## [Information provided]
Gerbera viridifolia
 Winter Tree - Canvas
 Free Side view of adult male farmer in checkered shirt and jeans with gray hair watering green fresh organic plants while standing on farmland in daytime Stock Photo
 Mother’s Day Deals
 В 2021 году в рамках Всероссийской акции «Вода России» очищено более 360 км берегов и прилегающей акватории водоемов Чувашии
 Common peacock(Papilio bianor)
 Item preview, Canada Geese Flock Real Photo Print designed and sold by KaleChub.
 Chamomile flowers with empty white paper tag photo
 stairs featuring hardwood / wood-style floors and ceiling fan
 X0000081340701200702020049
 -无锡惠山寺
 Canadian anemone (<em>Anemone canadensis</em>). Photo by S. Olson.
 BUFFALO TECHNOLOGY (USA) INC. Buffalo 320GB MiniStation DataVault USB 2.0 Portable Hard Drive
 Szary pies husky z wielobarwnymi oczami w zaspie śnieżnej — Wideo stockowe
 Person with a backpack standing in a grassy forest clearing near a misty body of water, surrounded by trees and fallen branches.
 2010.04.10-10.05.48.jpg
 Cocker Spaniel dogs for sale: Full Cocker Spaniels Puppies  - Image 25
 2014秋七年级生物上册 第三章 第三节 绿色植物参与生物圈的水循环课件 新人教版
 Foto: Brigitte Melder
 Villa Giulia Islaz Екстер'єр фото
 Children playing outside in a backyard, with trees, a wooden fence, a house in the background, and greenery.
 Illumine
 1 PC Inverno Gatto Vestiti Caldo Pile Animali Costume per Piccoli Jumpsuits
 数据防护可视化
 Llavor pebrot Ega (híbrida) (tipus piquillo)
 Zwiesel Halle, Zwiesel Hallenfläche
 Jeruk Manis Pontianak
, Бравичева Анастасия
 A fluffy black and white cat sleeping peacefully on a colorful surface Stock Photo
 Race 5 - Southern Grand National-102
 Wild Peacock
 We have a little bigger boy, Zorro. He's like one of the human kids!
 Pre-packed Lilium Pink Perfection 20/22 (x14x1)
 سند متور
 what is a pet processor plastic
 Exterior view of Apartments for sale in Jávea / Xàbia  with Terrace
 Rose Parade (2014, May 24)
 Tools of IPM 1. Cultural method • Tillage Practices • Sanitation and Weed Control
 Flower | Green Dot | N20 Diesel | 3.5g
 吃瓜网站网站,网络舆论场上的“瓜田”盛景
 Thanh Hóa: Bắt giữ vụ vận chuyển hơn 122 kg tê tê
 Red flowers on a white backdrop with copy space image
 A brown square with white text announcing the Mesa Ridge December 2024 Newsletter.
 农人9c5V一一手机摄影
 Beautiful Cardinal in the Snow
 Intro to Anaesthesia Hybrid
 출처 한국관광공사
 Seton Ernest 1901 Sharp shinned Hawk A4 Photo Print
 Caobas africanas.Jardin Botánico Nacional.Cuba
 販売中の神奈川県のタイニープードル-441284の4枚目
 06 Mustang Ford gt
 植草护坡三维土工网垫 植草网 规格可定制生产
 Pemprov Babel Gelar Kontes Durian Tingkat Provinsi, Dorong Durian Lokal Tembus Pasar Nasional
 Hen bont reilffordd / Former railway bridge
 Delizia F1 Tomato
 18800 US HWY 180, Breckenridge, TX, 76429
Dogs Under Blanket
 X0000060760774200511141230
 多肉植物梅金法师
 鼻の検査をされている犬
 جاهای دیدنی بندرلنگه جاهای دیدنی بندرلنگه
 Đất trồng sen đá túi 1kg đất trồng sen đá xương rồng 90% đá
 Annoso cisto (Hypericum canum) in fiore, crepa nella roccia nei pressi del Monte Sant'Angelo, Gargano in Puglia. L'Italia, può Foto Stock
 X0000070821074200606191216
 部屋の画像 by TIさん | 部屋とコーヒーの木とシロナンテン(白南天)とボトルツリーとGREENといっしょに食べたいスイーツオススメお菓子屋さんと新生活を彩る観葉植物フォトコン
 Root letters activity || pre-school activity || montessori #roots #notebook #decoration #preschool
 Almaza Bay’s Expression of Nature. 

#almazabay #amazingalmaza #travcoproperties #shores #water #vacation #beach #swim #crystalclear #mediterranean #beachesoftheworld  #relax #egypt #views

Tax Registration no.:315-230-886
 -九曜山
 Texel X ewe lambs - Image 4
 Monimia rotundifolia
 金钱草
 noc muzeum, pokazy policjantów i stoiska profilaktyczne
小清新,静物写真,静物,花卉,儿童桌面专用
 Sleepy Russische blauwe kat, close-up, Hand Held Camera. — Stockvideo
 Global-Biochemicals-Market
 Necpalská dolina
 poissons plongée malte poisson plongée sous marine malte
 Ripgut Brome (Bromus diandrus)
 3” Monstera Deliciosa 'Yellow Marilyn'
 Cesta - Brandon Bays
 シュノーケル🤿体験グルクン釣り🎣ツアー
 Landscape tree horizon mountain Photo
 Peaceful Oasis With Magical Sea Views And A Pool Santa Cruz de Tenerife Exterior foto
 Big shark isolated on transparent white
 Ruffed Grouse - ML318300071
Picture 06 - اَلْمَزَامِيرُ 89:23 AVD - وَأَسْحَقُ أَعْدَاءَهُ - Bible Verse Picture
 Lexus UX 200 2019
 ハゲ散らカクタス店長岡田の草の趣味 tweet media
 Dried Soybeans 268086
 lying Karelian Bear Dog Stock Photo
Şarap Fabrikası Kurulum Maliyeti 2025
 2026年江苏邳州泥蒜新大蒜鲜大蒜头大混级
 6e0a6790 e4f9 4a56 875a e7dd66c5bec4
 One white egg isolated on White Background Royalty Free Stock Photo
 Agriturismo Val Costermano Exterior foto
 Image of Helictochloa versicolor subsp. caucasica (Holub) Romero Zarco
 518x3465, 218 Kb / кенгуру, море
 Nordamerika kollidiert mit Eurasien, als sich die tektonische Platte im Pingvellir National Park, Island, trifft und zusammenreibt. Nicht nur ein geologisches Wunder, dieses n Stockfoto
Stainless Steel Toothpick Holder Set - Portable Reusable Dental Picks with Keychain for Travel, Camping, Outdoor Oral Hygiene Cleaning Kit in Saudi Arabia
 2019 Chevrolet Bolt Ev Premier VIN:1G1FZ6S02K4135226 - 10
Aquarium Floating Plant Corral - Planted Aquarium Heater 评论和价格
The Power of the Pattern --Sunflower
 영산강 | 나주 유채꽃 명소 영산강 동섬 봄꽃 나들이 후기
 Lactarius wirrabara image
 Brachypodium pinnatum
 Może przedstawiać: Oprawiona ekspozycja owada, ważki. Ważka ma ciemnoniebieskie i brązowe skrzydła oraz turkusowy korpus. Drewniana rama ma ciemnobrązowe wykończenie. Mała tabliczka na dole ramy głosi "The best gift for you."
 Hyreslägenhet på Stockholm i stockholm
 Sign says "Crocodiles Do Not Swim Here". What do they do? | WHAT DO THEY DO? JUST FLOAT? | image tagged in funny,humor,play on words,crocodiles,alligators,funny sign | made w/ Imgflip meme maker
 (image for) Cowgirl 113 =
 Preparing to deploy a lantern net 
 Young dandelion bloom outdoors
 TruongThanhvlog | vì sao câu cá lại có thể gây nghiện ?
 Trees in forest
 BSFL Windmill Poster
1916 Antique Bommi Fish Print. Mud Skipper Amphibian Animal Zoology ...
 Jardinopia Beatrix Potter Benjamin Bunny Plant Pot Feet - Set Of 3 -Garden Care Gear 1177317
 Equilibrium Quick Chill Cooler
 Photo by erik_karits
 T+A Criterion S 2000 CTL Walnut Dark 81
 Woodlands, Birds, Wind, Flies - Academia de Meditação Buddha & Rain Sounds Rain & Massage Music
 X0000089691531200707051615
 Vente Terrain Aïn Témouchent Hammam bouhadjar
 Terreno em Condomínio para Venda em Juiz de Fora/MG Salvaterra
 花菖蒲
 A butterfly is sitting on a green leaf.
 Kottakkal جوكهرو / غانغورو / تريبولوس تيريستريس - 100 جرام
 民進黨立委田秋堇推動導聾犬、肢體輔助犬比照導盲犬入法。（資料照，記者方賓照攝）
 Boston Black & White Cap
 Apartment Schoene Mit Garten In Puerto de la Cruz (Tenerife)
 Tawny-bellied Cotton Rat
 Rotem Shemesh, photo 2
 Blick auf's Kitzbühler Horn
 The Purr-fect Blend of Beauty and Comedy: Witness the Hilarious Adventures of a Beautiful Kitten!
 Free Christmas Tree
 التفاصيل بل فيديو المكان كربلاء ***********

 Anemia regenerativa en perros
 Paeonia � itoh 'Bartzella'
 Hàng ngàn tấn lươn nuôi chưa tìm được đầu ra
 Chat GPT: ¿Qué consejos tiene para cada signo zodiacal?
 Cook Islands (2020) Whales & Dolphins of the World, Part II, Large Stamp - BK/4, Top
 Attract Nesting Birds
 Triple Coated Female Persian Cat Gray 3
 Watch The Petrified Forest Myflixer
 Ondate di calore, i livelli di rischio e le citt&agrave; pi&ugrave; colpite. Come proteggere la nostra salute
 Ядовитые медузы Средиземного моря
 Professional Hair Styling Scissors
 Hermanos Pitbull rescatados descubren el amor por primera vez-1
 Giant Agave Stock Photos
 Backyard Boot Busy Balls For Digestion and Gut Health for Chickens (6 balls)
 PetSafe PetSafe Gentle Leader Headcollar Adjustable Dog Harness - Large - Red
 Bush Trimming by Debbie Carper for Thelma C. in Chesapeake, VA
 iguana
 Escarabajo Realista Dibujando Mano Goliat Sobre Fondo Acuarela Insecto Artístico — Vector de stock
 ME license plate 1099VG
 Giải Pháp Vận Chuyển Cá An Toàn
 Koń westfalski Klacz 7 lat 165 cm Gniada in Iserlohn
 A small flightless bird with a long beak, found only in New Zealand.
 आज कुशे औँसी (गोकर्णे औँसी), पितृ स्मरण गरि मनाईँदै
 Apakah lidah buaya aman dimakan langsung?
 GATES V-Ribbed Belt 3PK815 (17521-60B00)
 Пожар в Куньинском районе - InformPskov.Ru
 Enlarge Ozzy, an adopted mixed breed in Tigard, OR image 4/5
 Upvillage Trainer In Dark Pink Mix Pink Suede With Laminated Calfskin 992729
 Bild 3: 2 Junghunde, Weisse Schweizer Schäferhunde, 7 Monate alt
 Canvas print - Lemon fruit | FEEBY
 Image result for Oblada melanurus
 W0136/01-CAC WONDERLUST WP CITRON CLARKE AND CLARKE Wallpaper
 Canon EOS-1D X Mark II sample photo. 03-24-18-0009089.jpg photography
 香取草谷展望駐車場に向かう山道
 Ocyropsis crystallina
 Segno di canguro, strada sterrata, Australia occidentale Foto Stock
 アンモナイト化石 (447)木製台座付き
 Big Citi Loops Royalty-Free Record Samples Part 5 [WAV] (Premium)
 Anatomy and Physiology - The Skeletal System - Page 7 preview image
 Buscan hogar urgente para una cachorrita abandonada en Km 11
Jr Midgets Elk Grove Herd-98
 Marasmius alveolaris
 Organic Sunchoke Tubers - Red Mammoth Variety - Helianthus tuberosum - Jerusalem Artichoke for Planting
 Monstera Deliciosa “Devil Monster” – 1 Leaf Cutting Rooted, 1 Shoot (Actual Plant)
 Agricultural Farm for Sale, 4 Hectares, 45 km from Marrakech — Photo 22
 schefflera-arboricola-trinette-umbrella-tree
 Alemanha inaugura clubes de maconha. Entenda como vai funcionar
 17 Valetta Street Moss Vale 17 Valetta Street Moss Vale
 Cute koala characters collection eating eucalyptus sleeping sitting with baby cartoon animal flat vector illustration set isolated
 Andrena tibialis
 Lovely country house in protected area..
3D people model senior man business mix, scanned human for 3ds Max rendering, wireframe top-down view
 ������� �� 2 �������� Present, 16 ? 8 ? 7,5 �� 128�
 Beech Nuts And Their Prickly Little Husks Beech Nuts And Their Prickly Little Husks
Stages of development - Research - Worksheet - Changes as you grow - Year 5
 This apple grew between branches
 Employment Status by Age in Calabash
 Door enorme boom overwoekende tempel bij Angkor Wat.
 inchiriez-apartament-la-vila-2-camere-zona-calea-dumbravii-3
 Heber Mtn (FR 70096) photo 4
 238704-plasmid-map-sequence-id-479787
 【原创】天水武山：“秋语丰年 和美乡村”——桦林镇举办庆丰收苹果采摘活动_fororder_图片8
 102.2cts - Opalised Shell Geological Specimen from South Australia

## [How to complete this task]
Return a copy of every line in the records that includes the string "Beautiful".

## [Written response]
 Beautiful Cardinal in the Snow
 The Purr-fect Blend of Beauty and Comedy: Witness the Hilarious Adventures of a Beautiful Kitten!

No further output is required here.